### ASSIGNMENT
Print the lines below from the line with "Cover for Spirit Hunter: NG." to the line with "158·第四次初见 第35页" exactly, keeping both ends, and print no pictures.

--- INFORMATION ---

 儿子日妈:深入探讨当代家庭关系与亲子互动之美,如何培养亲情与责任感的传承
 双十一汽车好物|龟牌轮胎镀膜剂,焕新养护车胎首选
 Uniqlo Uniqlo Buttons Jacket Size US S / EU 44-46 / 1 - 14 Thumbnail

---
--- INFORMATION ---

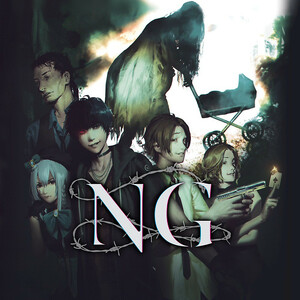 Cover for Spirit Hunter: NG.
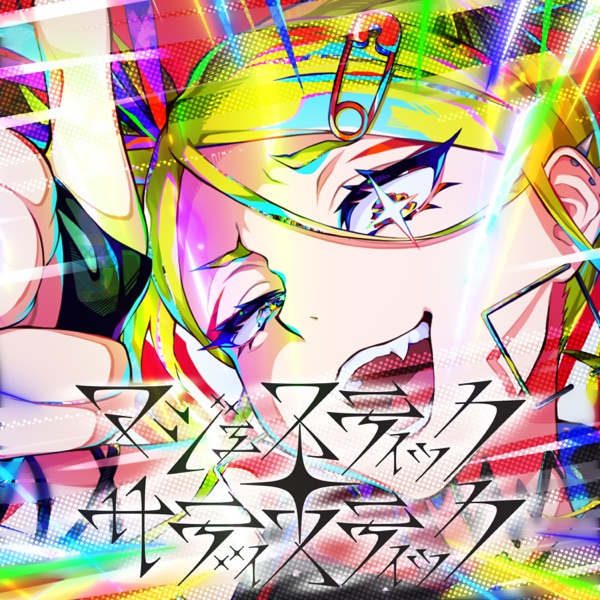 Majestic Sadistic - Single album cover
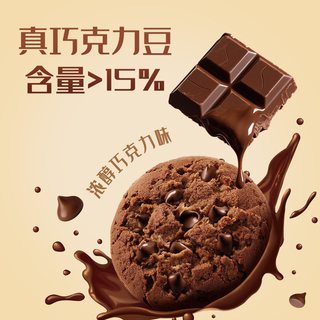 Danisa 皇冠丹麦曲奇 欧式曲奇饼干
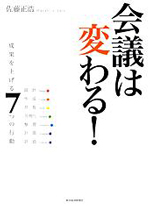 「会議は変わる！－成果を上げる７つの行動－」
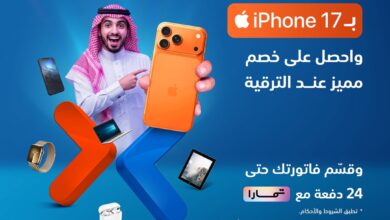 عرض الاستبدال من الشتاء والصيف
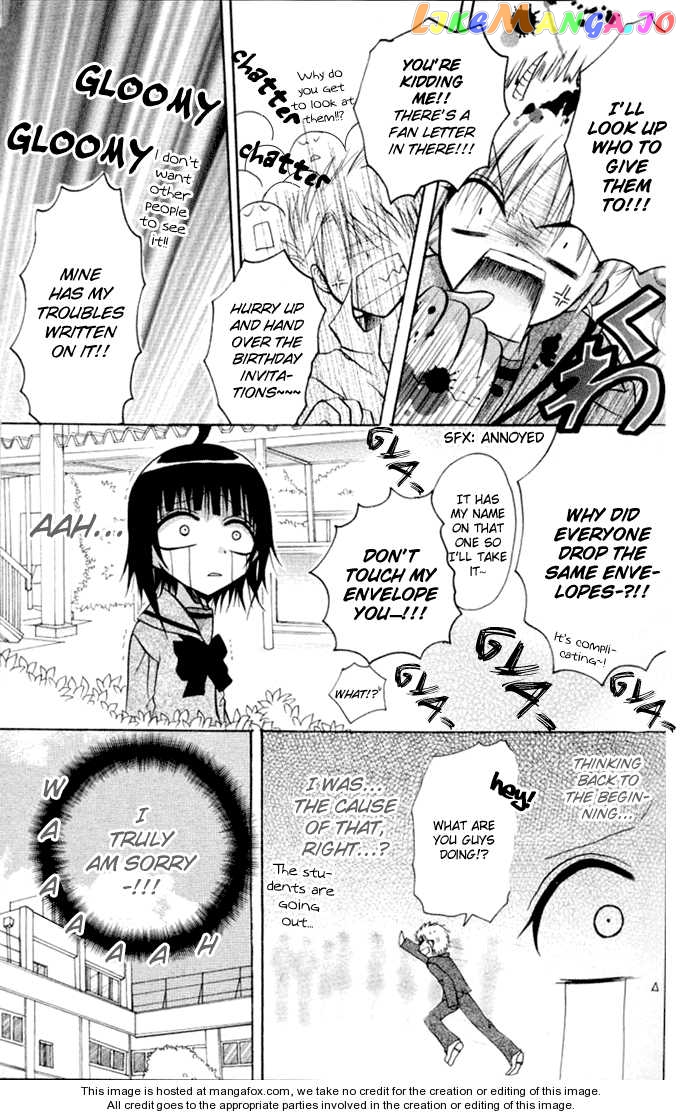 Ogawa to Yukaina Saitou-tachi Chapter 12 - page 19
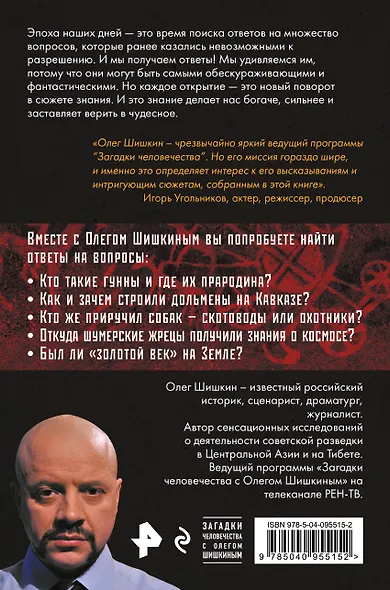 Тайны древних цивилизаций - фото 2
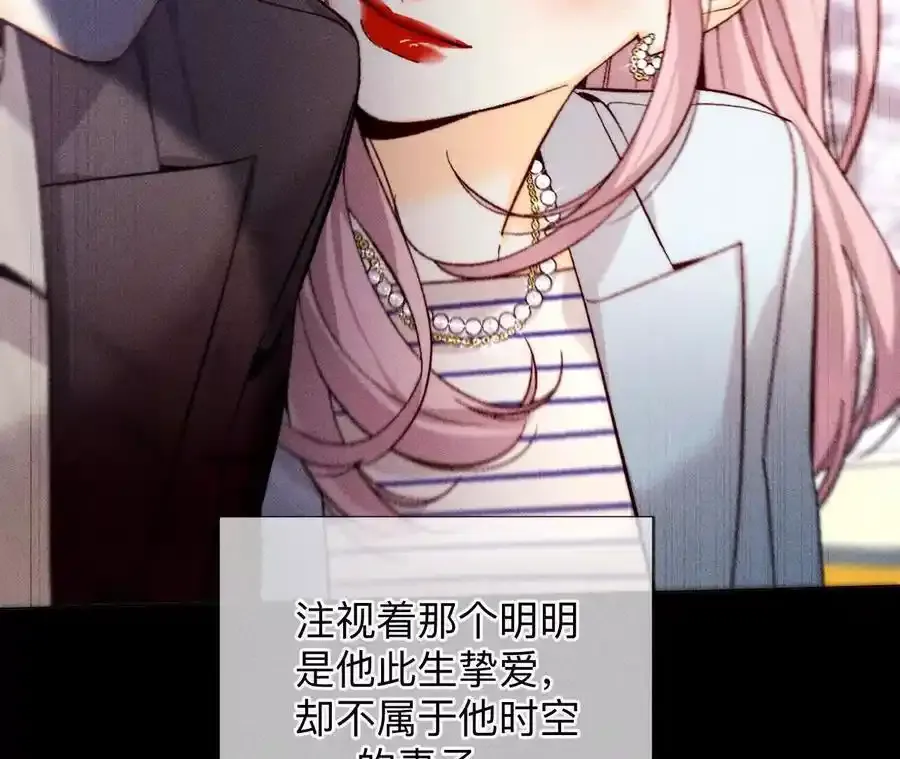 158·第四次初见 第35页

---

### RESPONSE TO THE TASK
 Cover for Spirit Hunter: NG.
 Majestic Sadistic - Single album cover
 Danisa 皇冠丹麦曲奇 欧式曲奇饼干
 「会議は変わる！－成果を上げる７つの行動－」
 عرض الاستبدال من الشتاء والصيف
 Ogawa to Yukaina Saitou-tachi Chapter 12 - page 19
 Тайны древних цивилизаций - фото 2
 158·第四次初见 第35页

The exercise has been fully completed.